*** DATA TO USE
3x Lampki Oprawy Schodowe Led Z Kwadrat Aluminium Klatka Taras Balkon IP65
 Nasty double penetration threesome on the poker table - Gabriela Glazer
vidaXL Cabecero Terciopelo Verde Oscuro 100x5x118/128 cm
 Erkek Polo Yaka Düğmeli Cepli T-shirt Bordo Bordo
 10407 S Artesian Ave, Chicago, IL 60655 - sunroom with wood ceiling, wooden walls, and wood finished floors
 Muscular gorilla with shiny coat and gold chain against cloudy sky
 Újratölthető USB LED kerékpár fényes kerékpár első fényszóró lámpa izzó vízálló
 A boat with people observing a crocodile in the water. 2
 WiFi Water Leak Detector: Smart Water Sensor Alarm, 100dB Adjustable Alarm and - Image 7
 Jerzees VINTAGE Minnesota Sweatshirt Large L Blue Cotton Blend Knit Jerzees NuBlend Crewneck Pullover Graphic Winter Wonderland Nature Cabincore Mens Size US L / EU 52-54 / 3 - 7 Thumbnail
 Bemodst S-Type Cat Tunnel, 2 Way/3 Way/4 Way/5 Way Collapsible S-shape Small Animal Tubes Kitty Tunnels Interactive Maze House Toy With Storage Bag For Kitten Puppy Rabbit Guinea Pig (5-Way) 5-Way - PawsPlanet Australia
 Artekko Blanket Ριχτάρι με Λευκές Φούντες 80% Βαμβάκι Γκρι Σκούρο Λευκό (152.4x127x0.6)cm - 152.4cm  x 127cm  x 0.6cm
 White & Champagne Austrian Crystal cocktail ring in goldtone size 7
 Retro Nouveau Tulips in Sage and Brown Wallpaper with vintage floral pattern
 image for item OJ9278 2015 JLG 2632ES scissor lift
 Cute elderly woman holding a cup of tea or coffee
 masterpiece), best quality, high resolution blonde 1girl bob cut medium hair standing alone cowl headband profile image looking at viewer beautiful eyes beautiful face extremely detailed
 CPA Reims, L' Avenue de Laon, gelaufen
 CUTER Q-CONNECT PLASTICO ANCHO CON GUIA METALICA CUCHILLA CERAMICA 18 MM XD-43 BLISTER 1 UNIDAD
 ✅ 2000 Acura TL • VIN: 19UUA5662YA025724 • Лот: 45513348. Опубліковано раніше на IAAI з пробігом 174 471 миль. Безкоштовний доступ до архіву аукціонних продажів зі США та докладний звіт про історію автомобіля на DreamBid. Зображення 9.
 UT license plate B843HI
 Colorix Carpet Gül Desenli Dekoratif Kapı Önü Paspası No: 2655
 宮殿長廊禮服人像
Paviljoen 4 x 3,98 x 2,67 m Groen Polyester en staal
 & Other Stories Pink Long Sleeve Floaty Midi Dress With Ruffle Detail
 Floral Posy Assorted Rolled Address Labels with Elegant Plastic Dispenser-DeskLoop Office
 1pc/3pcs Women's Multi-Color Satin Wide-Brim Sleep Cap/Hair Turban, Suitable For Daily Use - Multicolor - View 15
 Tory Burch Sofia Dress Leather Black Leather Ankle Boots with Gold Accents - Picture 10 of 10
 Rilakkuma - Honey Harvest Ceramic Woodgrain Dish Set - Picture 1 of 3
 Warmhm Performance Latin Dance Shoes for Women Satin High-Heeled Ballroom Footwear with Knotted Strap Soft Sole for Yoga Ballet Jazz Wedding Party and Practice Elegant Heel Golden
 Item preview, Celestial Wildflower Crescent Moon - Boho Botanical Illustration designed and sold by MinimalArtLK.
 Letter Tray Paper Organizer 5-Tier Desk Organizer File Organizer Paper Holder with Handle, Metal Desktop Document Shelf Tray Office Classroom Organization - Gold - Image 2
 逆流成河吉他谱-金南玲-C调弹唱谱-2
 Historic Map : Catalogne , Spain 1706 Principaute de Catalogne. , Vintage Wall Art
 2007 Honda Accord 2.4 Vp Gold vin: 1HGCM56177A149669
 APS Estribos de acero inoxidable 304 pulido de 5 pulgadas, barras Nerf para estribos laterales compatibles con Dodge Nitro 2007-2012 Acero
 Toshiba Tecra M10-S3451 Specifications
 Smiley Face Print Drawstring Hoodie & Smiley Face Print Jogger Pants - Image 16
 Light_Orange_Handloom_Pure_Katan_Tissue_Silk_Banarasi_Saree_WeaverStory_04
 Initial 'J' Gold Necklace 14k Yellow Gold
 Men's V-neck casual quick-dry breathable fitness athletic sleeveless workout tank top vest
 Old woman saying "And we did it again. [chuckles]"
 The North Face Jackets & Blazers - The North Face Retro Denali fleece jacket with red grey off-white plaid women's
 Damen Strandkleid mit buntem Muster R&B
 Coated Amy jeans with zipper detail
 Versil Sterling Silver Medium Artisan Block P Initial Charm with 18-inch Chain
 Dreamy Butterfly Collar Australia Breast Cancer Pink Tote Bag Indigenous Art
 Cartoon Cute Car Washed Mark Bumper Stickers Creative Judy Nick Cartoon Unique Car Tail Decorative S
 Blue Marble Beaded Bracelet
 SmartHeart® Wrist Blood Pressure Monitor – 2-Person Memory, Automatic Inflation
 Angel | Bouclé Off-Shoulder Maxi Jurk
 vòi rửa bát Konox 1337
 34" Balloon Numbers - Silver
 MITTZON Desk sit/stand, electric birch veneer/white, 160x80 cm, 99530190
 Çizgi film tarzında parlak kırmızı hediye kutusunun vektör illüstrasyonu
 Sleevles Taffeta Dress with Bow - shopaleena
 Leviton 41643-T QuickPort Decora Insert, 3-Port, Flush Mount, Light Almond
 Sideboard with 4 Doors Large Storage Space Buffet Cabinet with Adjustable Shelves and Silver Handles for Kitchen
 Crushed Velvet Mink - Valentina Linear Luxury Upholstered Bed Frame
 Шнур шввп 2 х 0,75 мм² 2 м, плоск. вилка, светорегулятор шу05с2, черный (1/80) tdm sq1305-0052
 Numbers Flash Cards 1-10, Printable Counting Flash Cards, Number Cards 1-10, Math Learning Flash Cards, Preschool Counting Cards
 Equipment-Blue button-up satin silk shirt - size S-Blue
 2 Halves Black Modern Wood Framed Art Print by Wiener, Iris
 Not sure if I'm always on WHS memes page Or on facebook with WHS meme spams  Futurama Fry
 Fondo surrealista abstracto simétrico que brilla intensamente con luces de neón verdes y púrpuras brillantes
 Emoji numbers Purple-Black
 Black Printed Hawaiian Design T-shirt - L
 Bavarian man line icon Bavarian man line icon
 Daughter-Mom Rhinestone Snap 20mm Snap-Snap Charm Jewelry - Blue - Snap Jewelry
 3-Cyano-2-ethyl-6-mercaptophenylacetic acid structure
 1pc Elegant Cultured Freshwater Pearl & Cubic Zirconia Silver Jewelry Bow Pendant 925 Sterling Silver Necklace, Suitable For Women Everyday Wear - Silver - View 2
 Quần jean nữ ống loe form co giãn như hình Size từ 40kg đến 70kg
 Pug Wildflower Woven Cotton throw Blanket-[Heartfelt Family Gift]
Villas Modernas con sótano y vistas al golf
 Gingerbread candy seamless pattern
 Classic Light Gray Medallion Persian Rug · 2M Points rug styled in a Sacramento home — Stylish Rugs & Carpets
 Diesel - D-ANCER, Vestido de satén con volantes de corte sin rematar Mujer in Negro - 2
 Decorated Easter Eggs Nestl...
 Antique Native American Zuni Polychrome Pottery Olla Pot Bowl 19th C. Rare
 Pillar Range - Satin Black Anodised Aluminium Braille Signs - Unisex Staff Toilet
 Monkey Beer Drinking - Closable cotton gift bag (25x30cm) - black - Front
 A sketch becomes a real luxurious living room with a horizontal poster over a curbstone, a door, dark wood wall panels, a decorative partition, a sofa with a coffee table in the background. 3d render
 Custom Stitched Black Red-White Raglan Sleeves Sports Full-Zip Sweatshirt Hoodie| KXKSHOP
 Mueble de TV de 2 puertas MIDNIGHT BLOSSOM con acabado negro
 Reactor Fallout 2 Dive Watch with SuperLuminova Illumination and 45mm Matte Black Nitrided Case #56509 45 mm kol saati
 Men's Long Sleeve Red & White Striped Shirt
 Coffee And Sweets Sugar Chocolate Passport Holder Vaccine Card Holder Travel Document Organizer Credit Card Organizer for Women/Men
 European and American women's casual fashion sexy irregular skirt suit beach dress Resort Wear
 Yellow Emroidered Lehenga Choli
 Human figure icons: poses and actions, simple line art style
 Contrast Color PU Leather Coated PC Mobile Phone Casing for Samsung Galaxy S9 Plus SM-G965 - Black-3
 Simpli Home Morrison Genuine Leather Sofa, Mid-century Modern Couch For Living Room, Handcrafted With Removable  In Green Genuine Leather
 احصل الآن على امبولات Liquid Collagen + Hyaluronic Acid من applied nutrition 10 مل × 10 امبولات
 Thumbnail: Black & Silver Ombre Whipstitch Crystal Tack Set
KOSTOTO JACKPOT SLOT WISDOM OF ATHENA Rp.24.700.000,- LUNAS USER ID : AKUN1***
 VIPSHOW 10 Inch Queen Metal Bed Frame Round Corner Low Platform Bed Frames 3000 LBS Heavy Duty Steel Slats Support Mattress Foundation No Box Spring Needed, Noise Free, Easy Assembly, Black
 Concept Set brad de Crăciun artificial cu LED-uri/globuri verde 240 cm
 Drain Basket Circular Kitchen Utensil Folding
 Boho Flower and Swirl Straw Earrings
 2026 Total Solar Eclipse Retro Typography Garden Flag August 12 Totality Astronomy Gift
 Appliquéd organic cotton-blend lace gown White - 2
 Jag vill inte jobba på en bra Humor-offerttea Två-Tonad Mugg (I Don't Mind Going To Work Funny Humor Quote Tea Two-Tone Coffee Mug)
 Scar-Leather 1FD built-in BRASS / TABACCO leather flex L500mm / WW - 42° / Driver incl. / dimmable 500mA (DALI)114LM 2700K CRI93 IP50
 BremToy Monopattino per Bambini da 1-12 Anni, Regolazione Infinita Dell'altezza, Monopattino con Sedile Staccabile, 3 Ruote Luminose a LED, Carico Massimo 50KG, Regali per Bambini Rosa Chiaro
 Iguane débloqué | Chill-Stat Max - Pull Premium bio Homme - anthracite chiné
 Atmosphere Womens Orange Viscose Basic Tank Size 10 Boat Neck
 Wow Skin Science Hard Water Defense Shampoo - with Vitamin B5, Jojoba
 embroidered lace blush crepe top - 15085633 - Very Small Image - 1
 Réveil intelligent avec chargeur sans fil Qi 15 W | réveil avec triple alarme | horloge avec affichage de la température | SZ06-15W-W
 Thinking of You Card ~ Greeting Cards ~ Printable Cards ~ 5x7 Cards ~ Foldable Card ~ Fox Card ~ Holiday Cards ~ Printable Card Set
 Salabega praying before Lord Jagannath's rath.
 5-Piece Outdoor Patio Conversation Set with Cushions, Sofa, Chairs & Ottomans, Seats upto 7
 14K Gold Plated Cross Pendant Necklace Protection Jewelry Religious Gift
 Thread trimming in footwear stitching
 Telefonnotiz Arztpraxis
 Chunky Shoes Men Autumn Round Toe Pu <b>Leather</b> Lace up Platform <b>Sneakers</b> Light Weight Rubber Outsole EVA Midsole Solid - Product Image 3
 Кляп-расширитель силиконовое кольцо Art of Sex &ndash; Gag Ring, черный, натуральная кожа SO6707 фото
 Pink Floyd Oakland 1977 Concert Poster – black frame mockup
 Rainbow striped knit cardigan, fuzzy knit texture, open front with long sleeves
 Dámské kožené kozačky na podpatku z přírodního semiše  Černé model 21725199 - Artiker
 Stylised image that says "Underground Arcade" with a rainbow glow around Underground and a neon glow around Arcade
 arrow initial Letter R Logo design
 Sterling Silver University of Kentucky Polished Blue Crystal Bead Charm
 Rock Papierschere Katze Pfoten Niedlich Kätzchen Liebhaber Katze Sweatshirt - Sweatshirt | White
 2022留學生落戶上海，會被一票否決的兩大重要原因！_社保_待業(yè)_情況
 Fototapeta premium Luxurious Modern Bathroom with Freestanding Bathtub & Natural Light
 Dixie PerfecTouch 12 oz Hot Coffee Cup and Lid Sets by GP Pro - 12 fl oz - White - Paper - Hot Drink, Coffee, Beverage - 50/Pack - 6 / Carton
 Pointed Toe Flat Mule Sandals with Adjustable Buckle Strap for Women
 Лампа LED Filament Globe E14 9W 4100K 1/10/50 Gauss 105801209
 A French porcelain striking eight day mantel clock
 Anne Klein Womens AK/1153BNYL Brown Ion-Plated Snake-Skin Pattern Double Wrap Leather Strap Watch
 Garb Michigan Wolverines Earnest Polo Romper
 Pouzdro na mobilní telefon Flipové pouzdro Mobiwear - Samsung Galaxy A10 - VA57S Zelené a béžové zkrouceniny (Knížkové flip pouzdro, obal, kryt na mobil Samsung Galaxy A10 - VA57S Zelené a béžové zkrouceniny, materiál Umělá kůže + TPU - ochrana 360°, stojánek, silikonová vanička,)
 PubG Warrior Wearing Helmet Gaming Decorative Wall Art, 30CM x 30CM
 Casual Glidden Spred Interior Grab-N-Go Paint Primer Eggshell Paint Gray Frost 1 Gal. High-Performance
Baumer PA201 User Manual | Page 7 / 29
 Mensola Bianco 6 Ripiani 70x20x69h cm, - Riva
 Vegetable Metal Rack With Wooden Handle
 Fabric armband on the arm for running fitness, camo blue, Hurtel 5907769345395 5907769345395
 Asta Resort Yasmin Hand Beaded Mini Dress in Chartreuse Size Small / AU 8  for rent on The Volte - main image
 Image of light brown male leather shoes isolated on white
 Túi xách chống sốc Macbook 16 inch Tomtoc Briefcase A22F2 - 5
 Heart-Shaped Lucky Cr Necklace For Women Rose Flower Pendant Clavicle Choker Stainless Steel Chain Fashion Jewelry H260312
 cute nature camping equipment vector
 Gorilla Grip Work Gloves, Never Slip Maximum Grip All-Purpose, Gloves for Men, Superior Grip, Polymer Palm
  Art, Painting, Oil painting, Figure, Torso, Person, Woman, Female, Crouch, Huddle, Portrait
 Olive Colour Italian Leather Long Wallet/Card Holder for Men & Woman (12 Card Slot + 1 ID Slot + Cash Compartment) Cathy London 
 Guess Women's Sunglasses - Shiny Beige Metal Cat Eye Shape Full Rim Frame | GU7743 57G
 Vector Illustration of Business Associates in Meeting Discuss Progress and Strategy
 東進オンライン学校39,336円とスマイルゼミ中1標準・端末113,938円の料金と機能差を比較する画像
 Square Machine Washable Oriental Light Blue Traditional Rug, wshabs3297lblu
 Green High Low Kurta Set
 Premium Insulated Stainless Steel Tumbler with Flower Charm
******
**EXERCISE DESCRIPTION:** Every line above from the line with "Black Printed Hawaiian Design T-shirt - L" to the line with "3-Cyano-2-ethyl-6-mercaptophenylacetic acid structure", inclusive, must be returned exactly; no other line belongs in the reply.

**RESPONSE BOX:**
 Black Printed Hawaiian Design T-shirt - L
 Bavarian man line icon Bavarian man line icon
 Daughter-Mom Rhinestone Snap 20mm Snap-Snap Charm Jewelry - Blue - Snap Jewelry
 3-Cyano-2-ethyl-6-mercaptophenylacetic acid structure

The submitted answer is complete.